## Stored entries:
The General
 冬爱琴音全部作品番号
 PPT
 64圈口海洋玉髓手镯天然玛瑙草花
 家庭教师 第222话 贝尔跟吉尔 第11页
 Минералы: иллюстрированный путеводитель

## HOW TO COMPLETE THIS TASK:
Could you transcribe every record above exactly as it appears?

## EXERCISE OUTPUT:
The General
 冬爱琴音全部作品番号
 PPT
 64圈口海洋玉髓手镯天然玛瑙草花
 家庭教师 第222话 贝尔跟吉尔 第11页
 Минералы: иллюстрированный путеводитель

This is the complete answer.